From the line with "Akari Kamigishi" to the end of the data below, restate each line word for word, both ends included, without the pictures.

Short text fragments from websites =>
==*==

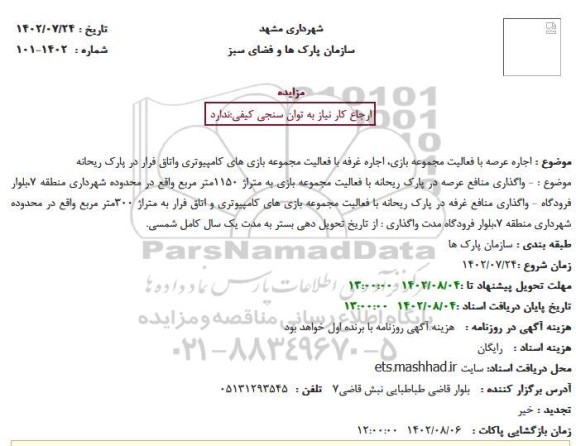 مزایده اجاره عرصه با فعالیت مجموعه بازی، اجاره غرفه با فعالیت مجموعه بازی های کامپیوتری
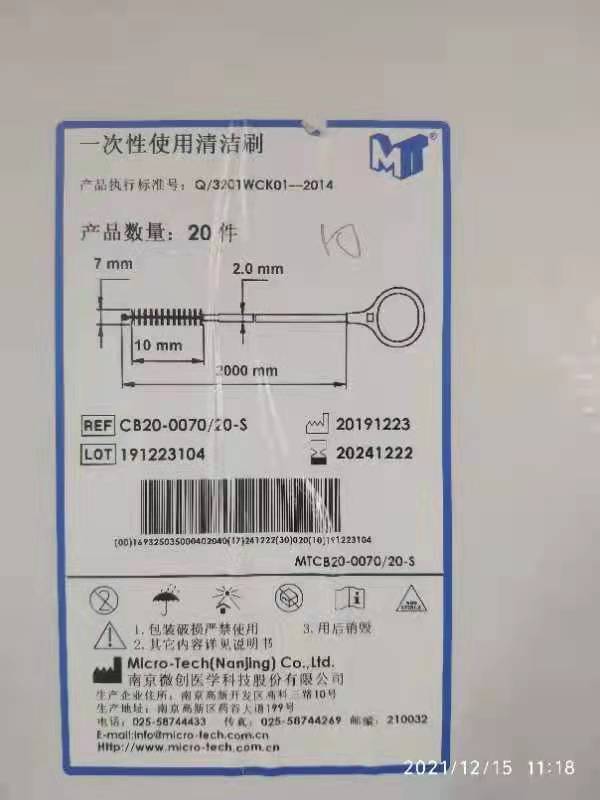 CB20-0070/20-S一次性使用清洁刷南京微创生产厂家现货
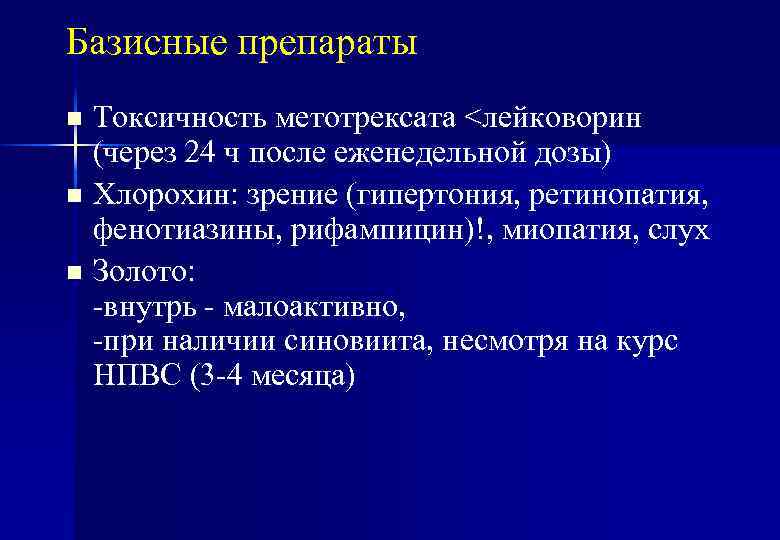 Базисные препараты Токсичность метотрексата <лейковорин (через 24 ч после еженедельной дозы) n Хлорохин: зрение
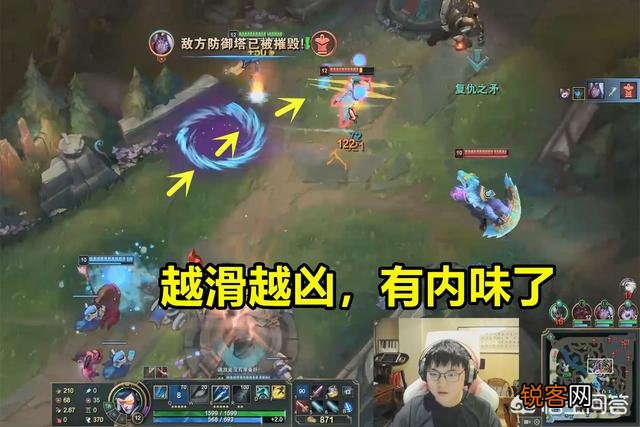 Uzi上单滑板鞋,刚碰头对面鳄鱼就崩了,5分钟压40刀,有Theshy内味吗？
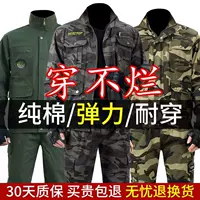 Эластичный костюм для спецодежды, мужская одежда для охраны труда, износостойкая свободная рабочая одежда с несколькими карманами, осенне-зимняя камуфляжная одежда, повседневная мужская одежда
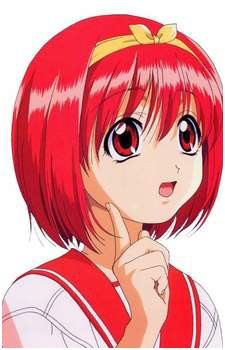 Akari Kamigishi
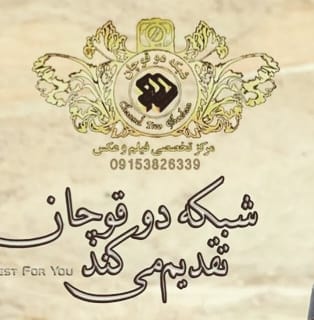 آتلیه شبکه دو قوچان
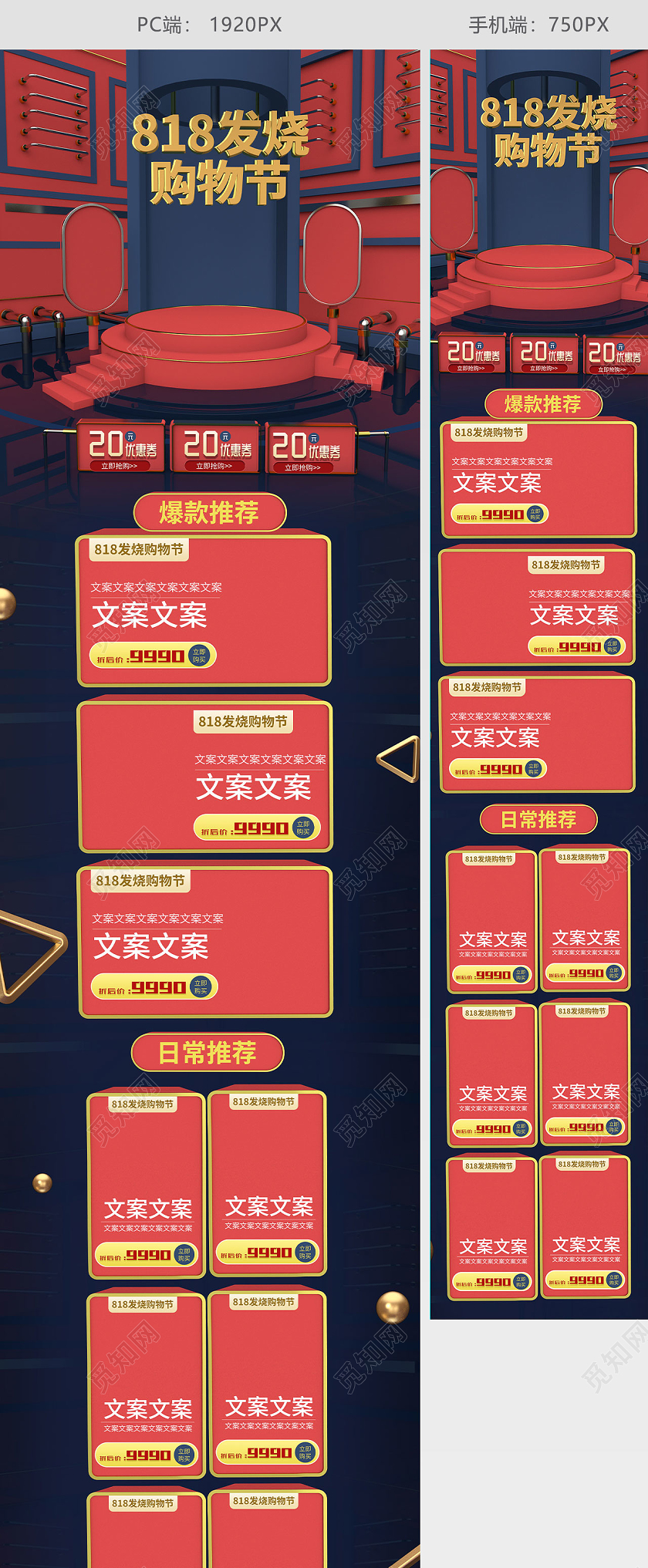 红色818发烧购物节C4D风电商淘宝首页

==*==

Answer area =>
 Akari Kamigishi
 آتلیه شبکه دو قوچان
 红色818发烧购物节C4D风电商淘宝首页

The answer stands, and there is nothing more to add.